§ Exercise brief
The answer is the exact run of lines in the listing below from the line containing "Potret Pevita Pearce Bareng Tom Cruise" up to and including the line containing "144 Douglas Ridge", with pictures removed.

§ Input material
=====
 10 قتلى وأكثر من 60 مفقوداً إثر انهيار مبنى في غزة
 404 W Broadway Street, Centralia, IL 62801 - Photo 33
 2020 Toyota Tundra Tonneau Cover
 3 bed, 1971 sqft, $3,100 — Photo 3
=====
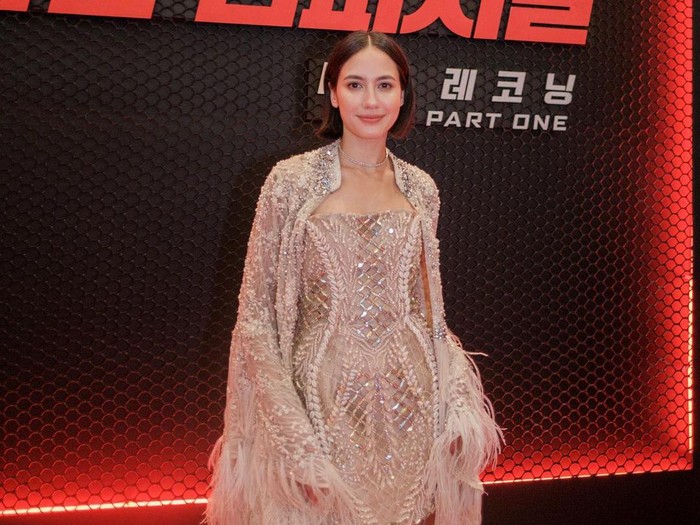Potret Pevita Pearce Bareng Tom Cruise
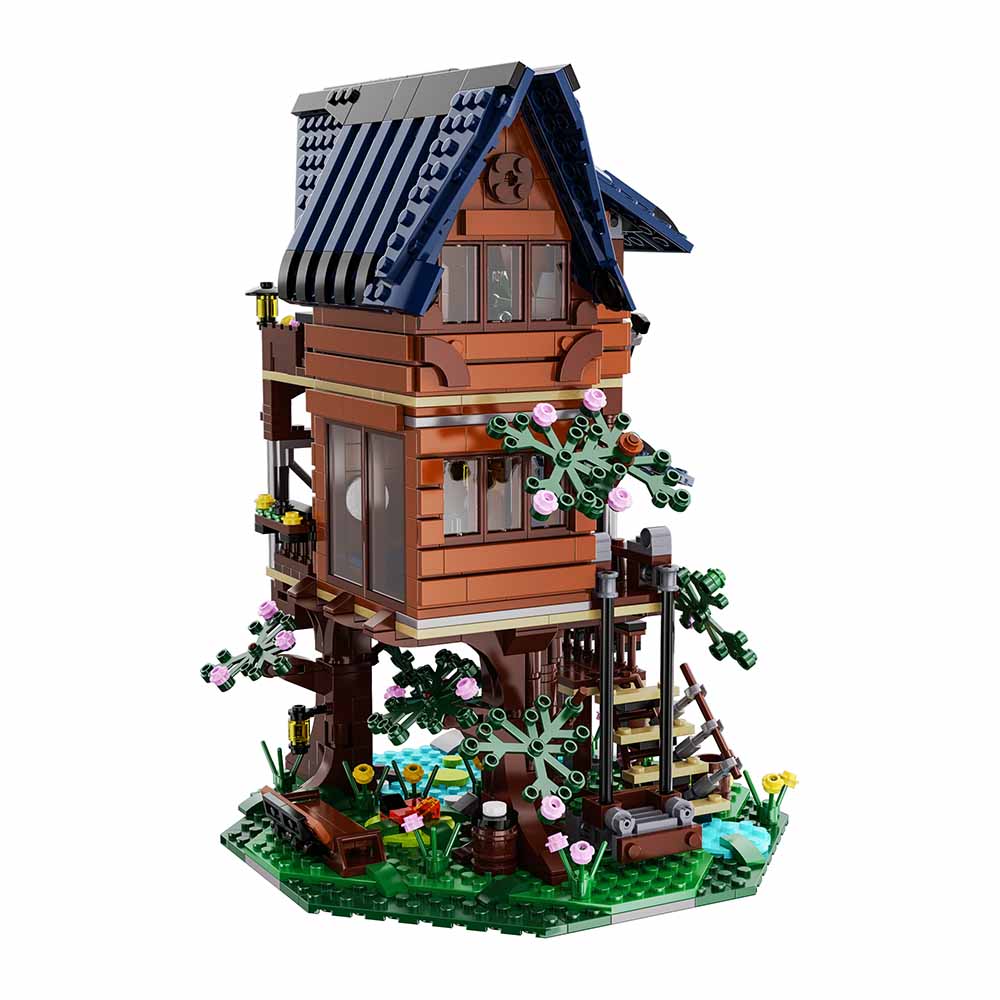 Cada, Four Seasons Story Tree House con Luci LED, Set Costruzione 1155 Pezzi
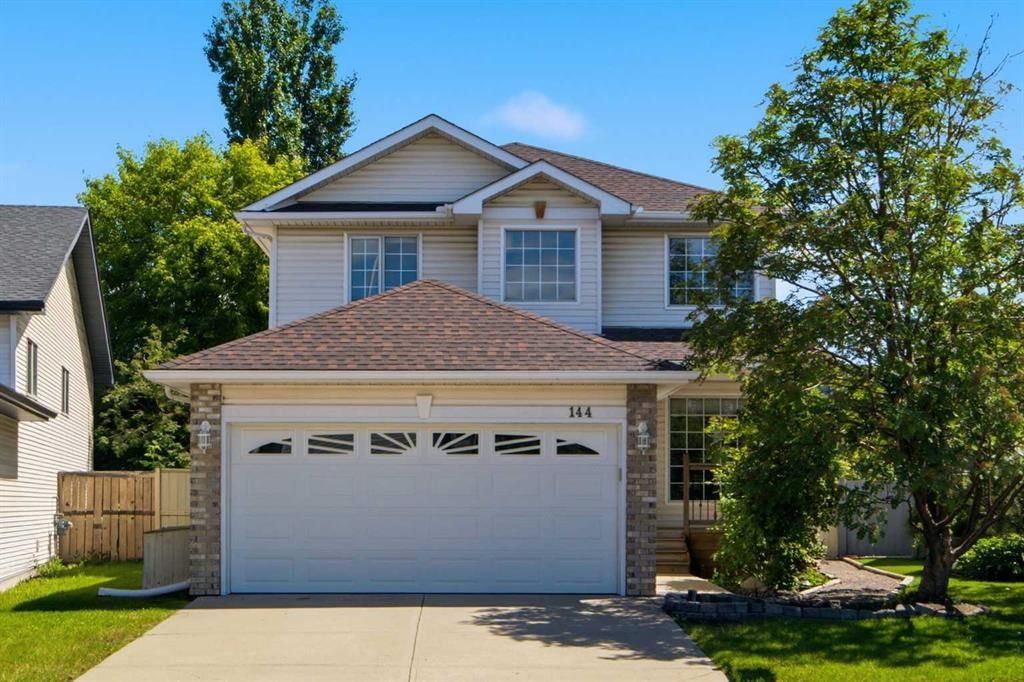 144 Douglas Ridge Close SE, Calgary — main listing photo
=====
§ Response area
Potret Pevita Pearce Bareng Tom Cruise
 Cada, Four Seasons Story Tree House con Luci LED, Set Costruzione 1155 Pezzi
 144 Douglas Ridge Close SE, Calgary — main listing photo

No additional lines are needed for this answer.